**Task prompt:** Go through the listing below and repeat it exactly, omitting each picture.

**Extracted material:**
╔══

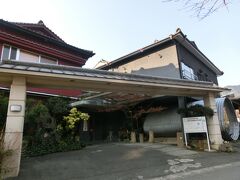 １時間後にお宿に到着です。

今回のお宿は嬉野温泉「吉田屋」。
古い旅館をモダンに改装したお宿です。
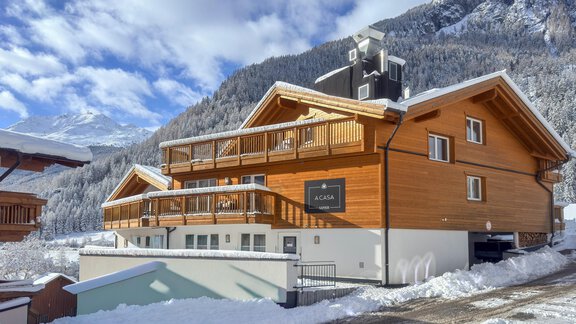 Ein modernes Chalet in den Bergen, umgeben von Schnee. Der Himmel ist klar und die Landschaft ist malerisch. - Hotel-Appartements A CASA "Saphir" - Sölden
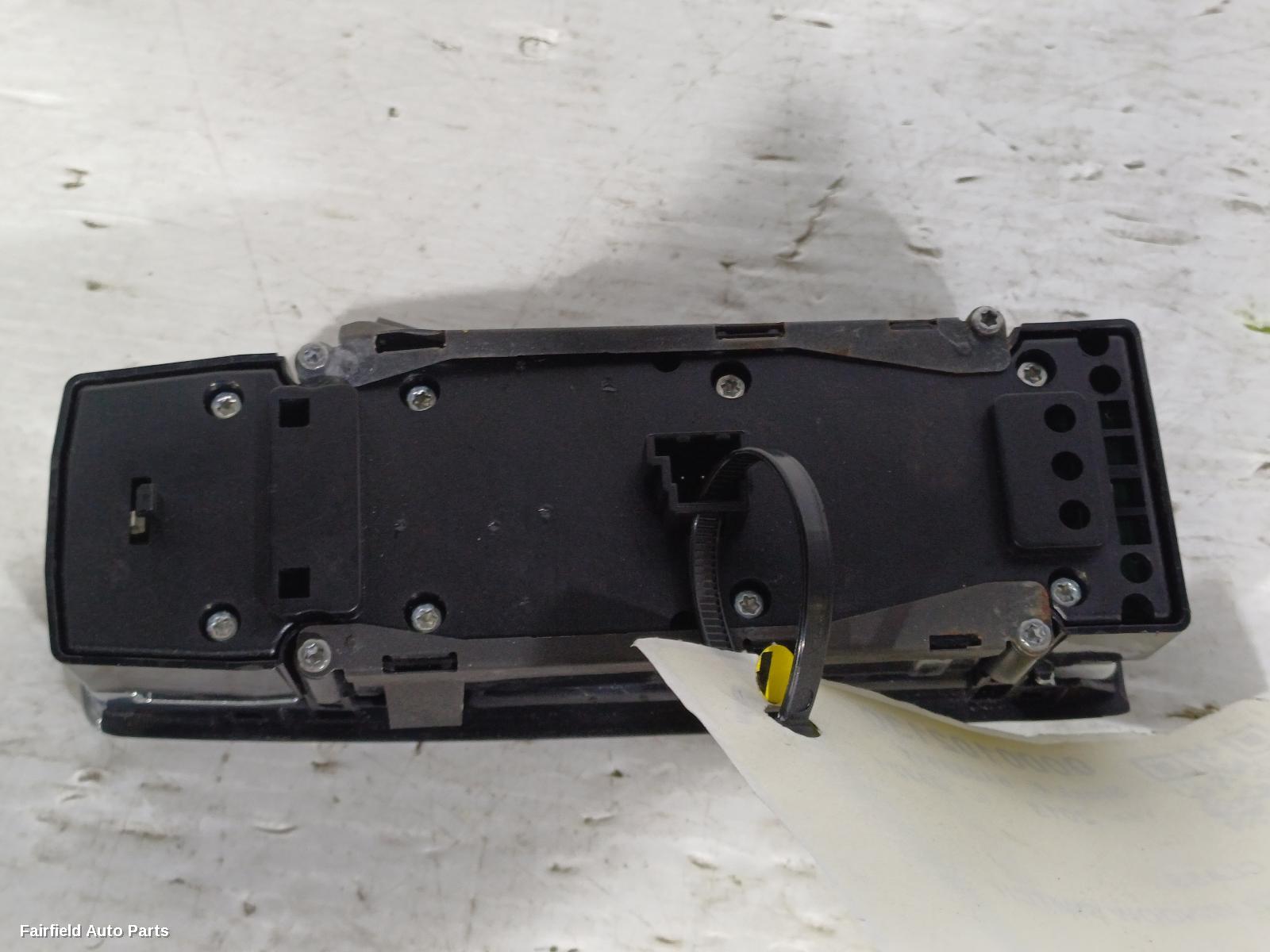 2012-2015 Mercedes Gl Class Pwr Dr Wind Switch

╚══

**Expected output:**
 １時間後にお宿に到着です。

今回のお宿は嬉野温泉「吉田屋」。
古い旅館をモダンに改装したお宿です。
 Ein modernes Chalet in den Bergen, umgeben von Schnee. Der Himmel ist klar und die Landschaft ist malerisch. - Hotel-Appartements A CASA "Saphir" - Sölden
 2012-2015 Mercedes Gl Class Pwr Dr Wind Switch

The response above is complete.